S’ils étaient « pris en charge » par les services administratifs de la Zone Libre ? Si véritablement, on les aidait dans l’ultime phase du parcours ?

Bien sûr, il ne s’agissait pas d’un Comité d’accueil, tel qu’ils l’auraient souhaité. Mais c’était mieux qu’une franche hostilité. Si on prenait soin de leurs vies, c’était dans un but humanitaire, selon un plan combiné.

Le ruisseau gargouillait toujours sous les arbres et leur servait de guide, ils ne savaient pas trop pourquoi.

Un instinct, une intuition.

Ils espéraient toujours rencontrer la fameuse rivière mais le ruisseau ne grossissait jamais. Son débit restait le même tout simplement parce qu’il ne recevait aucun affluent susceptible de le grossir.

En général, les ruisseaux s’élargissaient en aval de leur source. Celui-là n’était pas comme les autres...

D’ailleurs, rien ne semblait normal dans cette oasis. On y rencontrait des animaux qui habituellement, tout au moins dans le passé, ne vivaient pas ensemble.

L’oasis n’était-elle qu’un zoo ?

Dans ce cas, ils se heurteraient bientôt à une grille, à un mur, clôturant cet immense parc. Ce n’était sans doute qu’après la traversée de cette « réserve » qu’ils pénétreraient vraiment en Zone Libre.

Chaque fois qu’ils parlaient de cette Zone, elle semblait s’éloigner dans le temps et l’espace, comme un but inaccessible, mouvant. Elle se déplaçait au rythme de leur marche et en fin de compte, ils ne l’atteindraient jamais !

Ils pensèrent qu’ils se trompaient, que l’Oasis avait une fin. C’était une zone « tampon ». Il en fallait une. La Frontière ne pouvait pas carrément déboucher sur la Liberté. Comme existait un no man’s land entre le tunnel électromagnétique et la frontière elle-même...

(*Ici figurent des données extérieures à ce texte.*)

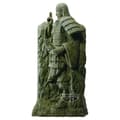 Miniatyrbild 2 av 3: Naruto Hashirama Senju The Final Valley figure 19cm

Jef avançait en tête de la troupe. Karl fermait la marche. Ils suivaient une véritable « galerie » sous les arbres, formée par un entrelacs de feuillages et de fleurs multicolores, odorantes.

Tellement odorantes que ce parfum les enivrait, jusqu’à l’étourdissement. Ils titubaient et avaient des migraines. Sous les frondaisons basses et épaisses, ils semblaient prisonniers d’un tunnel de verdure. Ils ne pouvaient s’échapper ni à droite, ni à gauche. Leur seule possibilité était de retourner en arrière.

Soudain, ils poussèrent un cri. Tous les quatre. Le sol se déroba sous eux et ils tombèrent dans une trappe profonde.

Ils se retrouvèrent emmêlés les uns sur les autres. Un humus épais avait amorti leur chute. Quand ils relevèrent la tête, ils aperçurent l’orifice rectangulaire du piège dont la mince couche supérieure de feuillage pendait en lambeaux après avoir cédé sous le poids de nos amis.

Jef mesura vite la hauteur de la fosse. Il ne s’illusionna pas :

— Au moins quatre mètres ! Même en se faisant la courte échelle, nous n’arriverons pas à sortir. Nous sommes tombés dans un piège à fauves.

— Un piège à fauves ou un piège à humains ? ironisa Karl.

Mary n’appréciait guère l’humour de Brook. Elle grimaça :

— Je vous en prie, ne cherchez pas des explications idiotes. Si on voulait nous capturer, il y aurait des tas d’autres moyens moins rudimentaires.

— Justement, s’entêta le chimiste. Qui prouve que les habitants de la Zone Libre ne sont pas des gens rudimentaires, pour ne pas dire des primitifs ?

Pour la première fois, cette hypothèse fut retenue par Jef. Il la trouva acceptable, plausible. Il la commenta avec empressement :

— Possible. La Zone Libre s’ouvre peut-être sur la vie primitive, sauvage, chez les animaux comme chez les hommes. En conséquence, il vaut mieux ne pas chercher ici une civilisation comparable à celle de la Ville.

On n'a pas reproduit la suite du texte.